[Extracted records]
+-------+
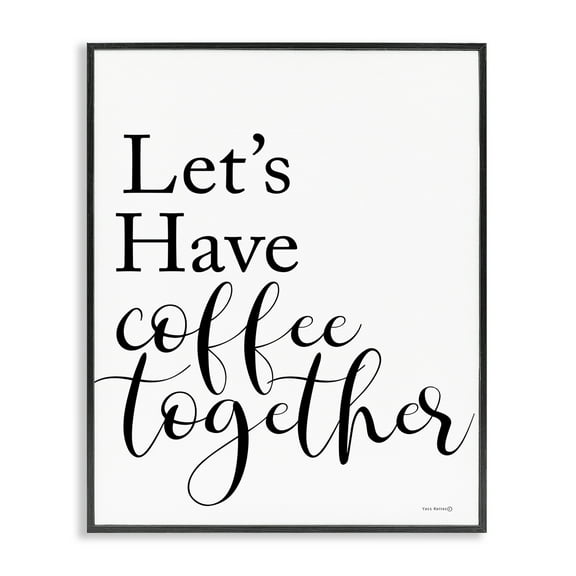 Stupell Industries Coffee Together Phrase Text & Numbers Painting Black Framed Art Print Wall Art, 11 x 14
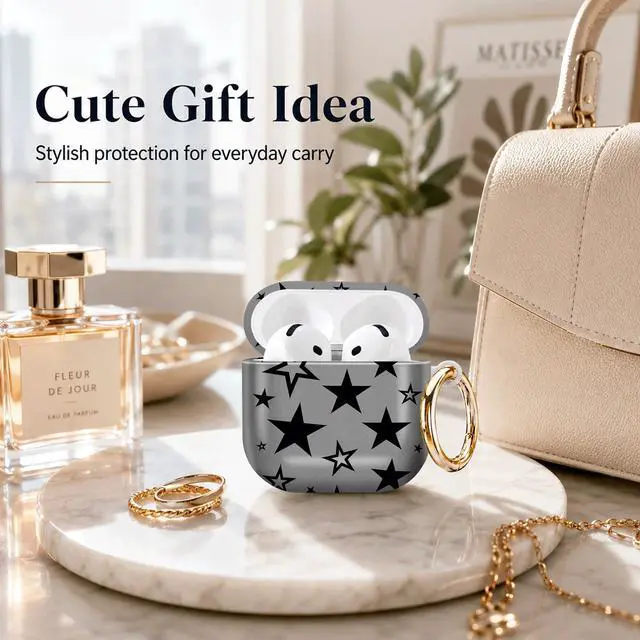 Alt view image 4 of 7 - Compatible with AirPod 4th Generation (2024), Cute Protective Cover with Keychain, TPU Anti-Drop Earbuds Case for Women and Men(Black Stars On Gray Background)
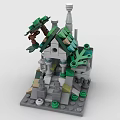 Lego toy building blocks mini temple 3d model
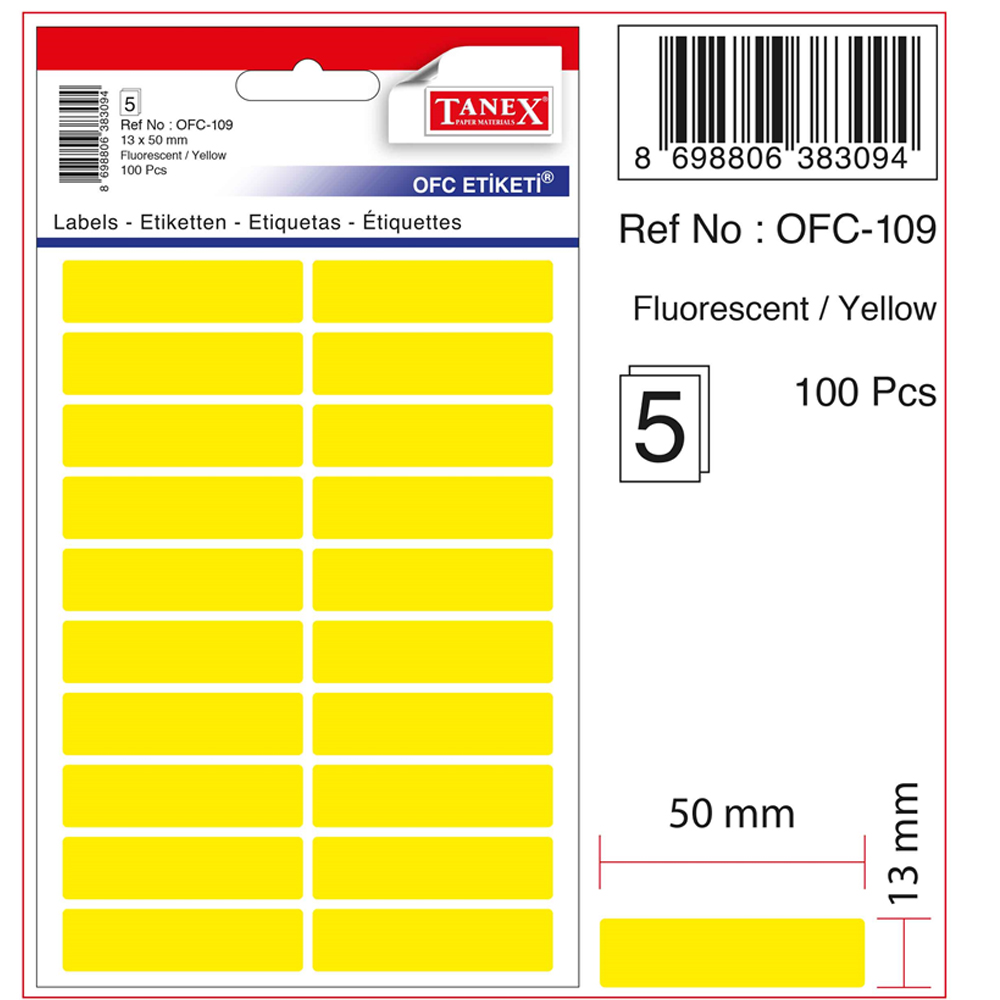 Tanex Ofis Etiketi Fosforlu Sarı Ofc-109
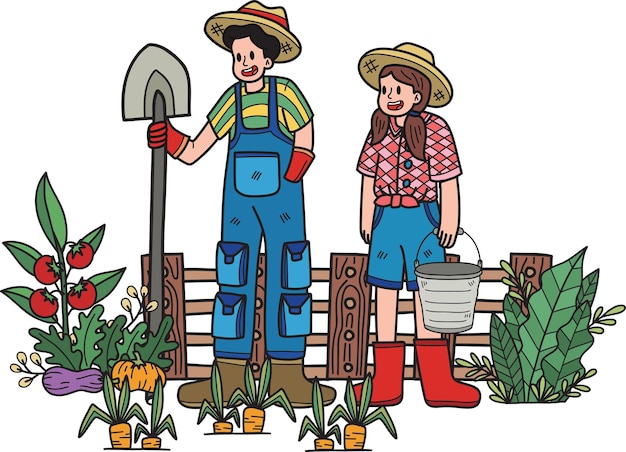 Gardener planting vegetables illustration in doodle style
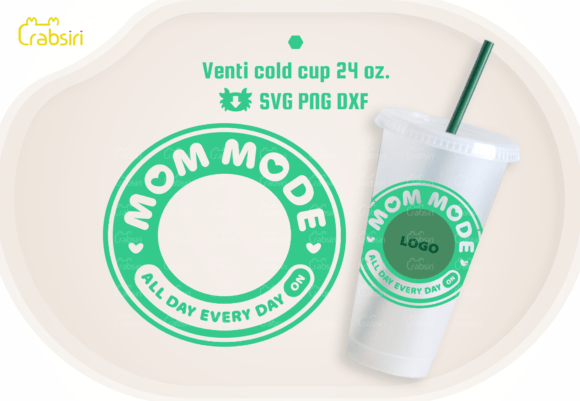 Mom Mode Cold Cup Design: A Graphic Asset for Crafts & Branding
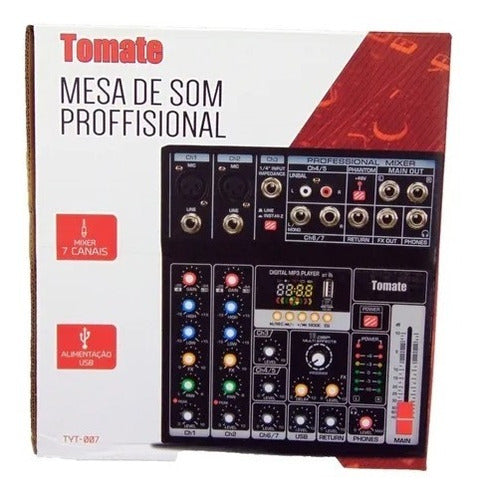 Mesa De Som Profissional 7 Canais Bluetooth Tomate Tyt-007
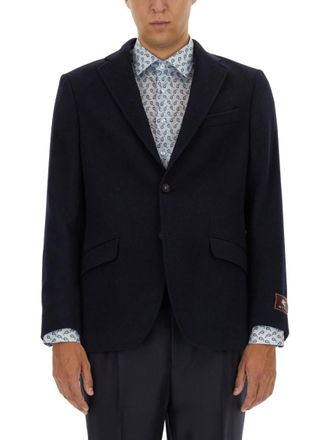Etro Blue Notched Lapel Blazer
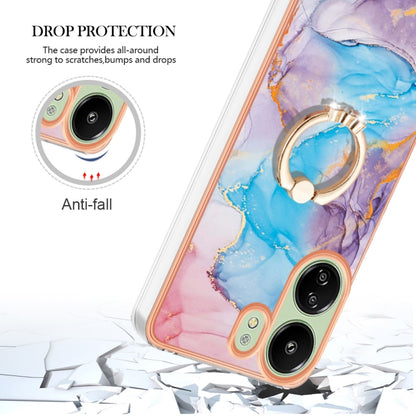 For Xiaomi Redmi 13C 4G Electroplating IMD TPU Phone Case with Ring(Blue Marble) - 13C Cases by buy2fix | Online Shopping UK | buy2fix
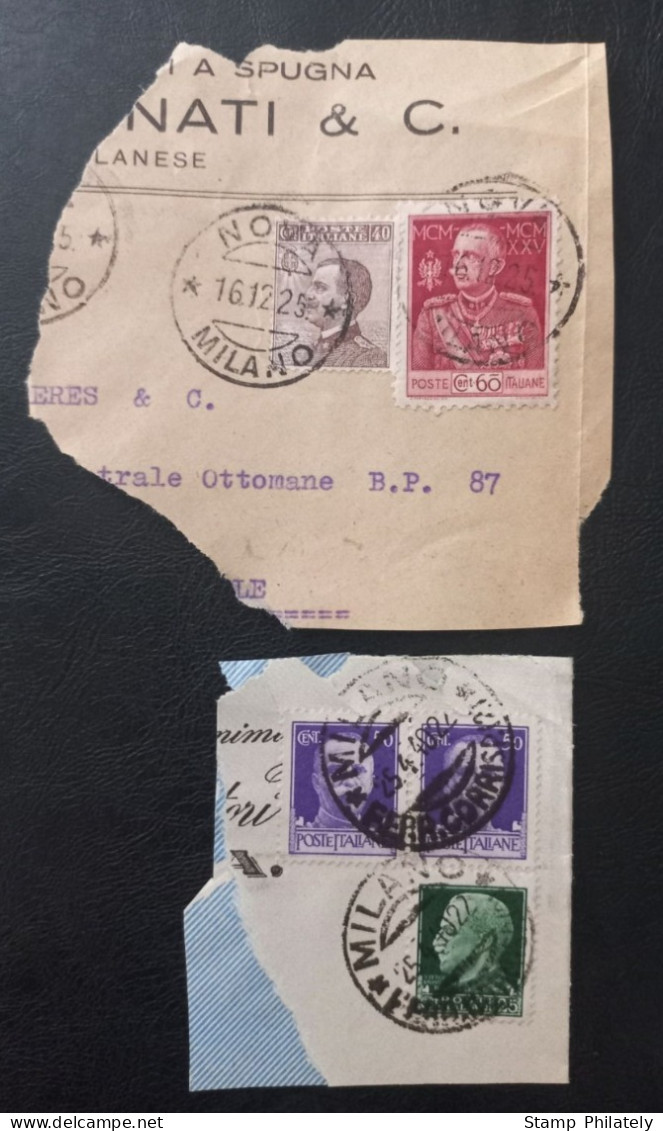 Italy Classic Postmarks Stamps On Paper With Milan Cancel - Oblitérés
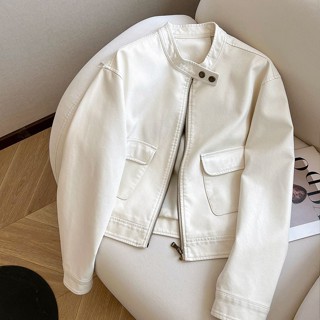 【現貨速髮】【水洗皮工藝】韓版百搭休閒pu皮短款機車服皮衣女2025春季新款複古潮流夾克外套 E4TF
+-------+
THE PROBLEM.
Give back exactly the lines from the one that contains "Mom Mode Cold" to the final line of the data above, both included, with all pictures removed.

SOLUTION.
 Mom Mode Cold Cup Design: A Graphic Asset for Crafts & Branding
 Mesa De Som Profissional 7 Canais Bluetooth Tomate Tyt-007
Etro Blue Notched Lapel Blazer
 For Xiaomi Redmi 13C 4G Electroplating IMD TPU Phone Case with Ring(Blue Marble) - 13C Cases by buy2fix | Online Shopping UK | buy2fix
 Italy Classic Postmarks Stamps On Paper With Milan Cancel - Oblitérés
 【現貨速髮】【水洗皮工藝】韓版百搭休閒pu皮短款機車服皮衣女2025春季新款複古潮流夾克外套 E4TF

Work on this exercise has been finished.